--- Provided information Enclosed Below ---
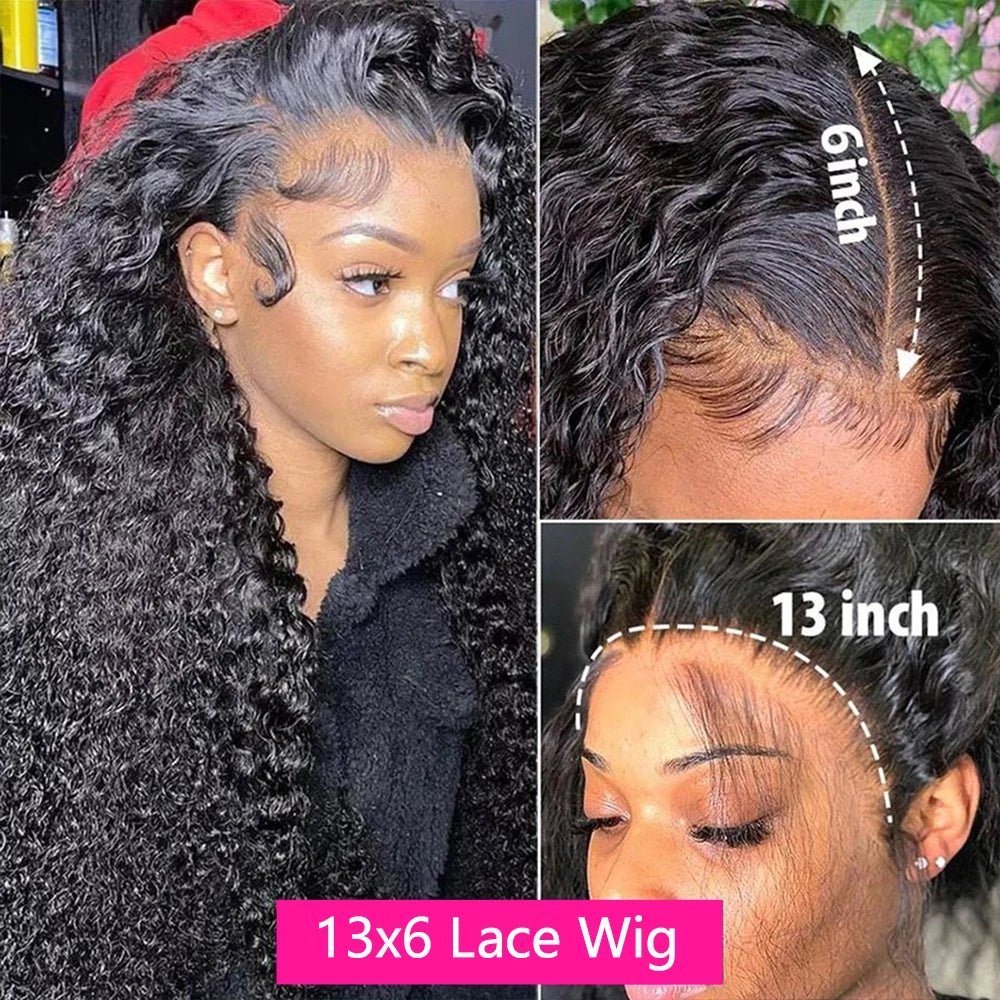 200% Density Deep Wave Wig 13X4 13X6 HD Transparent Lace Frontal Wig Curly Wave Wig 5X5 Lace Wig Human Hair Wigs for Black Women - 13X6 Hd - Bella Bourget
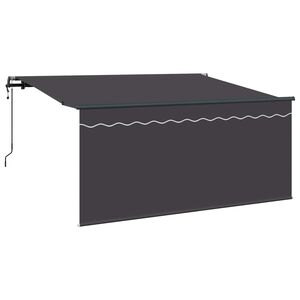 vidaXL Skrovita tenda Prugasti Antracit 300 x 200 cm tkanina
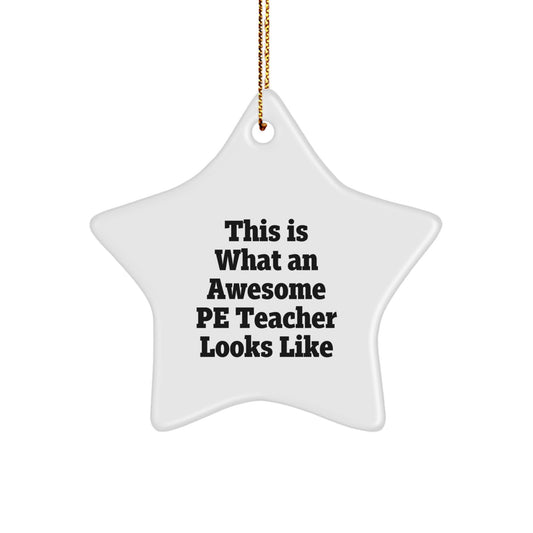 Funny PE Teacher Star Ornament Gifts for Men from Family, Unique Christmas Decorations for Classroom or Office - Image 1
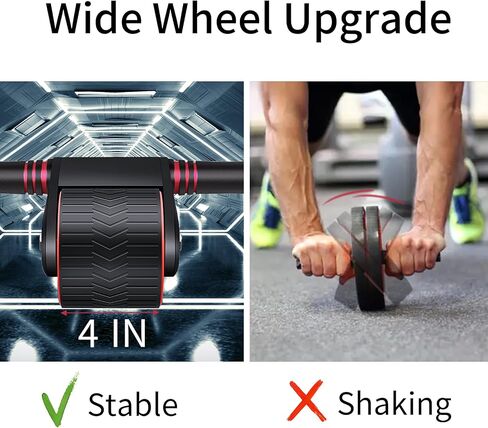 Automatic rebound abdominal wheel, Lzpoe ab roller wheel for Beginner, Abs Workout Equipment for Home Gym Office, Exercise Wheels with Knee Pad Accessories, Fitness Equipment for Men Women in Saudi Arabia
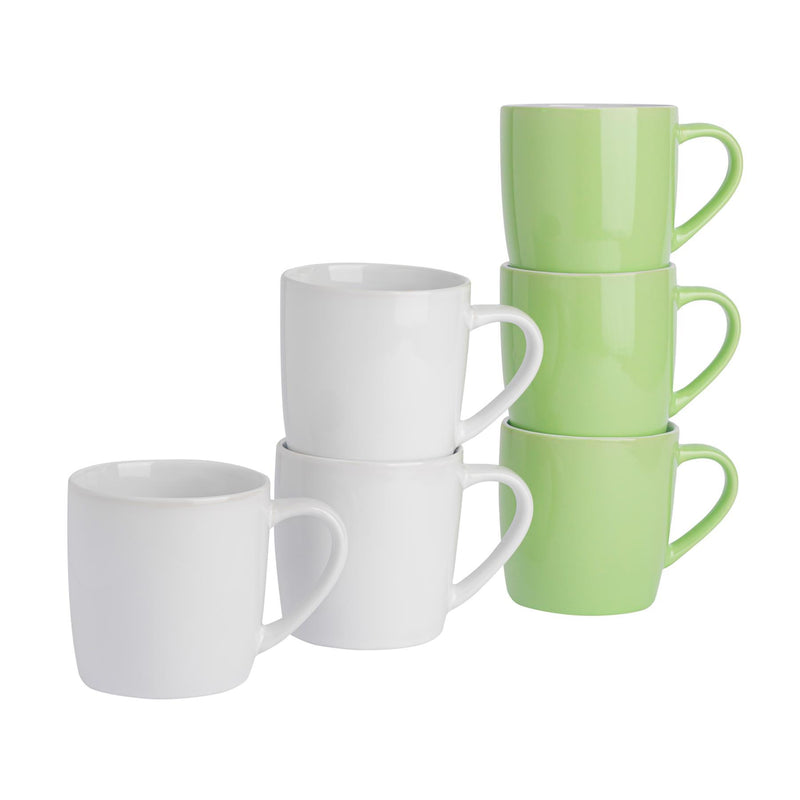 350ml Contemporary Coffee Mugs - Two Colours - Pack of Six - By Argon Tableware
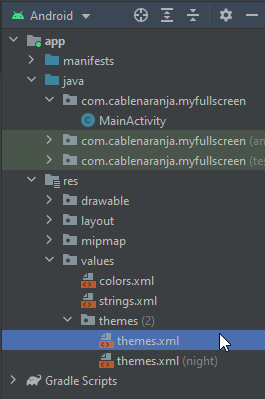 Cómo hacer fullscreen en Android Studio - CableNaranja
--- End of Enclosed Provided information ---
• **Work instruction**:
Print the records above exactly, minus pictures.

• **Expected answer**:
 200% Density Deep Wave Wig 13X4 13X6 HD Transparent Lace Frontal Wig Curly Wave Wig 5X5 Lace Wig Human Hair Wigs for Black Women - 13X6 Hd - Bella Bourget
 vidaXL Skrovita tenda Prugasti Antracit 300 x 200 cm tkanina
 Funny PE Teacher Star Ornament Gifts for Men from Family, Unique Christmas Decorations for Classroom or Office - Image 1
 Automatic rebound abdominal wheel, Lzpoe ab roller wheel for Beginner, Abs Workout Equipment for Home Gym Office, Exercise Wheels with Knee Pad Accessories, Fitness Equipment for Men Women in Saudi Arabia
 350ml Contemporary Coffee Mugs - Two Colours - Pack of Six - By Argon Tableware
 Cómo hacer fullscreen en Android Studio - CableNaranja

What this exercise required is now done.